* **EXTRACTED ENTRIES**
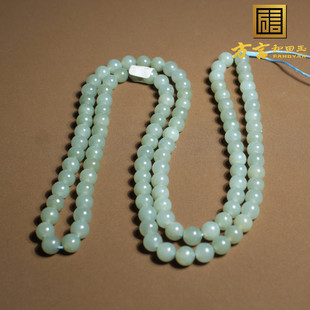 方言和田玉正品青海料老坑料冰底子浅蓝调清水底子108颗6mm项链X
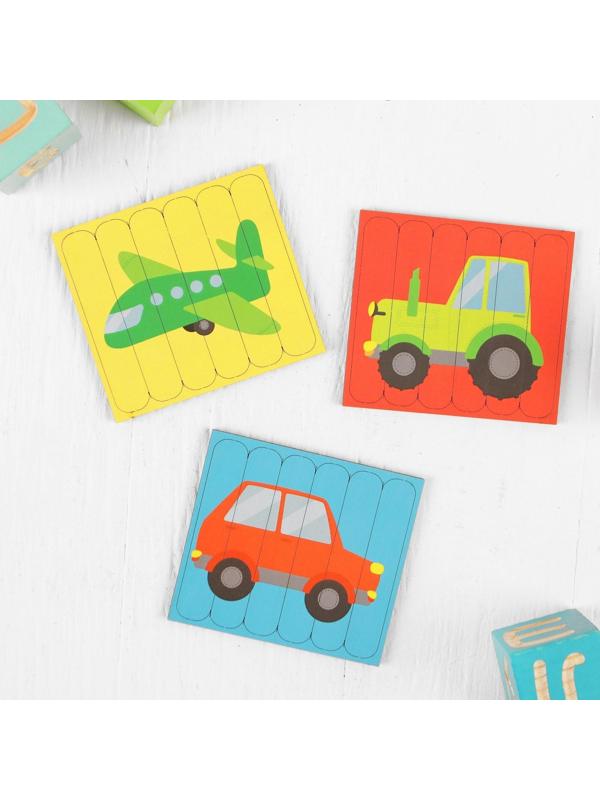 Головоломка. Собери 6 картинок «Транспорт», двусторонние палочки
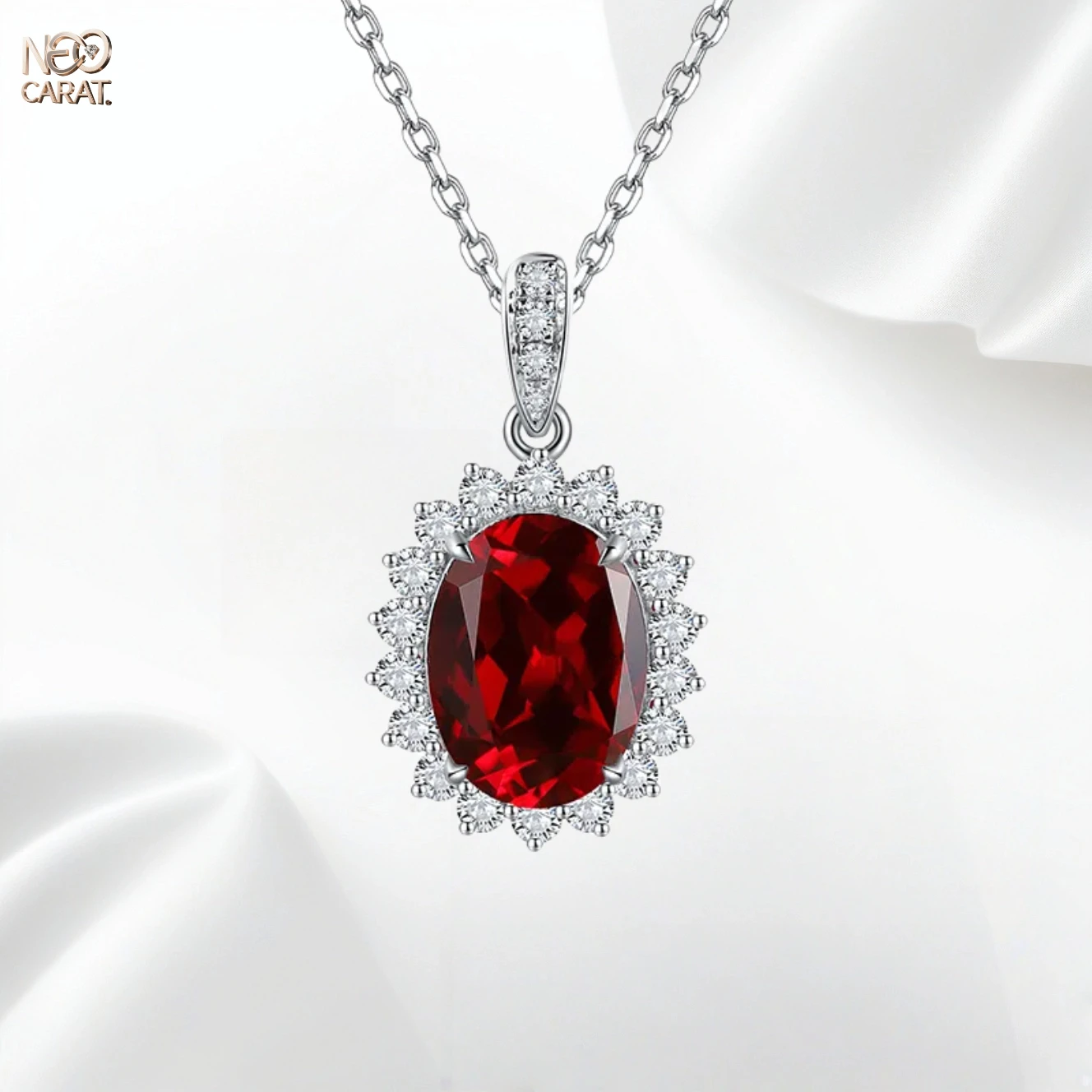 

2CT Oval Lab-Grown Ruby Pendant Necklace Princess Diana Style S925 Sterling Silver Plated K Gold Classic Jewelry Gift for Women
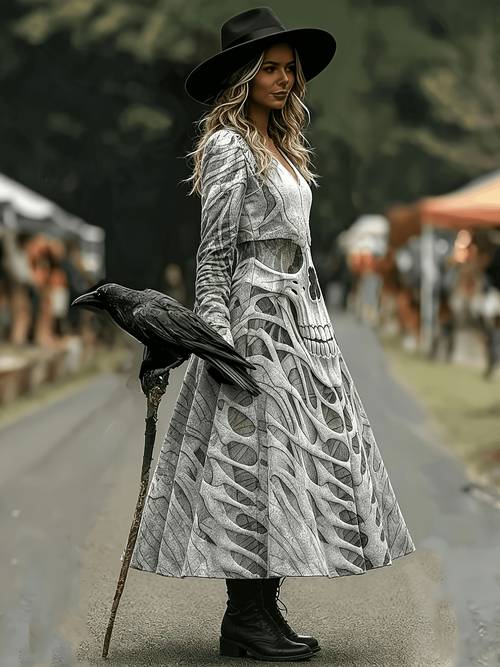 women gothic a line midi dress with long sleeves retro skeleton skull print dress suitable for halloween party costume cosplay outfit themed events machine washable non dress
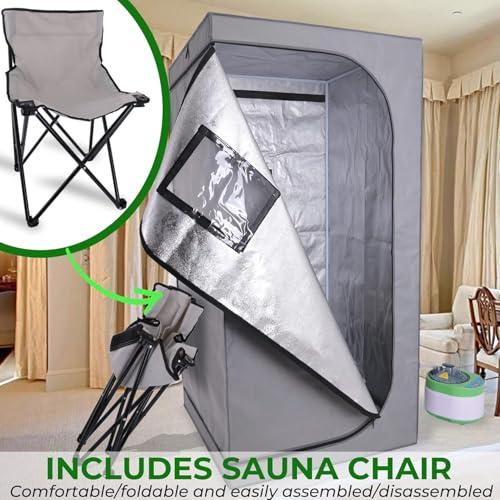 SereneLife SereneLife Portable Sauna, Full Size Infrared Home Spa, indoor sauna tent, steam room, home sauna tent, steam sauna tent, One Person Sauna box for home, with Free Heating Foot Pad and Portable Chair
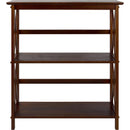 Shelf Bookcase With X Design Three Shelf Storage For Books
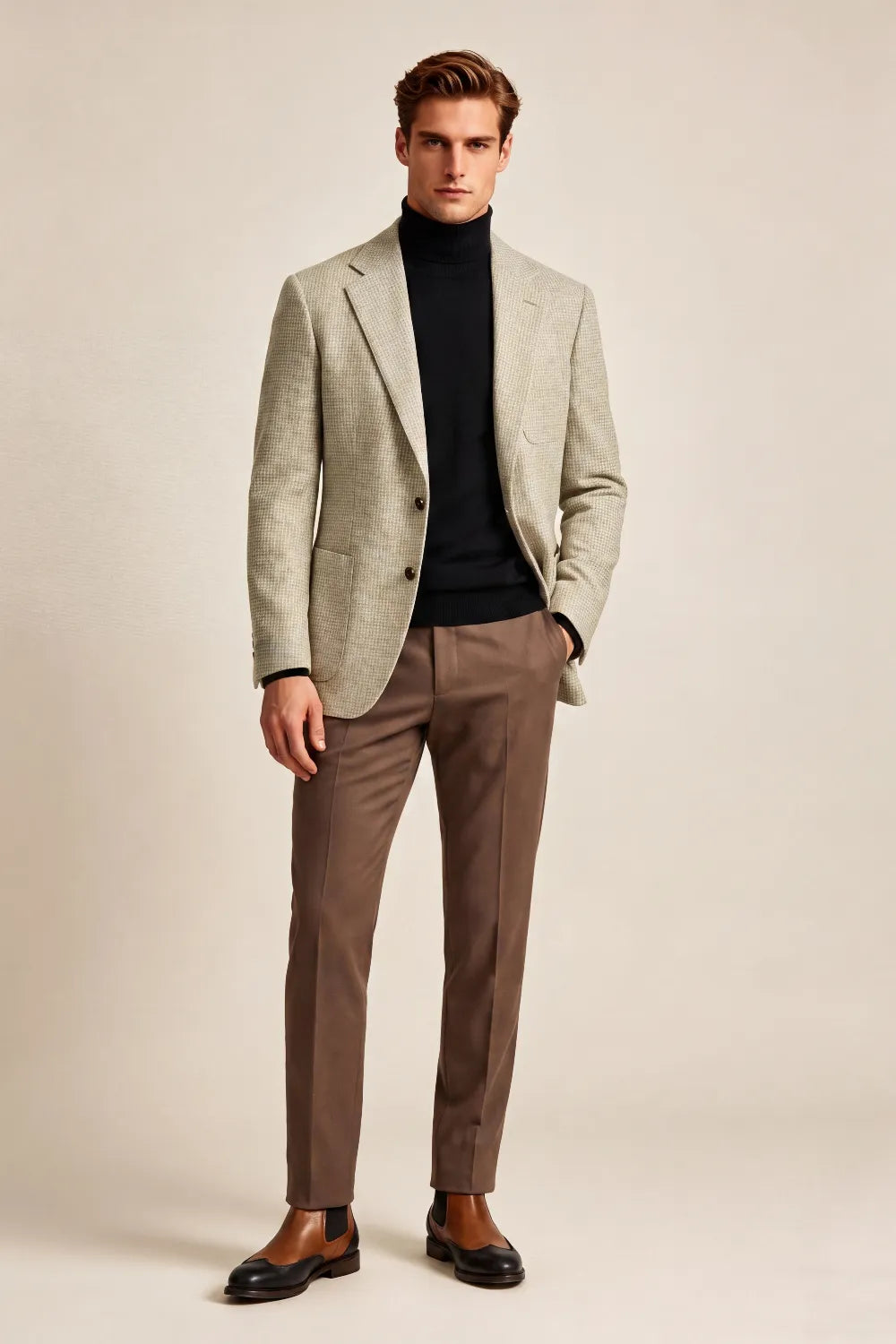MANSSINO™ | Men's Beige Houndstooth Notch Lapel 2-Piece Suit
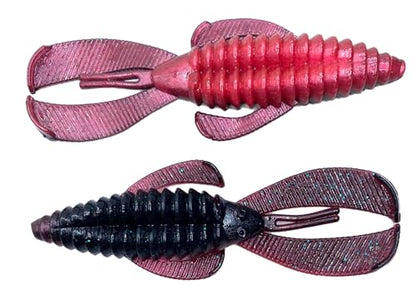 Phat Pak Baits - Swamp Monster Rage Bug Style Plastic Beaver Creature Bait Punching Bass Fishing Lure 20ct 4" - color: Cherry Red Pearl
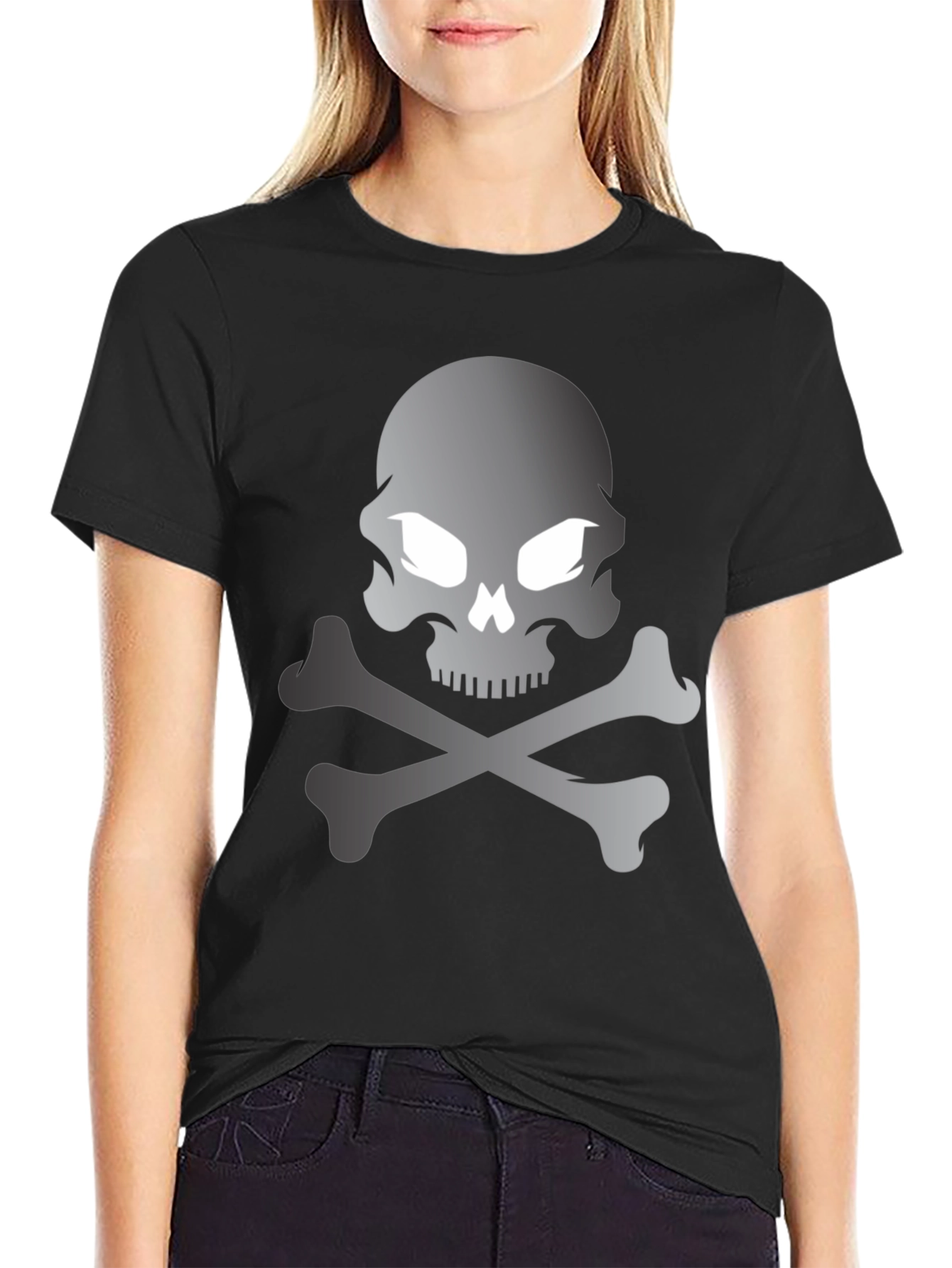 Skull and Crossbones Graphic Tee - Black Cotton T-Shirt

* **WHAT THIS TASK INVOLVES**
Would you write out all of the records exactly, omitting the pictures?

* **SOLVED PROBLEM**
 方言和田玉正品青海料老坑料冰底子浅蓝调清水底子108颗6mm项链X
 Головоломка. Собери 6 картинок «Транспорт», двусторонние палочки

2CT Oval Lab-Grown Ruby Pendant Necklace Princess Diana Style S925 Sterling Silver Plated K Gold Classic Jewelry Gift for Women
 women gothic a line midi dress with long sleeves retro skeleton skull print dress suitable for halloween party costume cosplay outfit themed events machine washable non dress
 SereneLife SereneLife Portable Sauna, Full Size Infrared Home Spa, indoor sauna tent, steam room, home sauna tent, steam sauna tent, One Person Sauna box for home, with Free Heating Foot Pad and Portable Chair
 Shelf Bookcase With X Design Three Shelf Storage For Books
MANSSINO™ | Men's Beige Houndstooth Notch Lapel 2-Piece Suit
 Phat Pak Baits - Swamp Monster Rage Bug Style Plastic Beaver Creature Bait Punching Bass Fishing Lure 20ct 4" - color: Cherry Red Pearl
 Skull and Crossbones Graphic Tee - Black Cotton T-Shirt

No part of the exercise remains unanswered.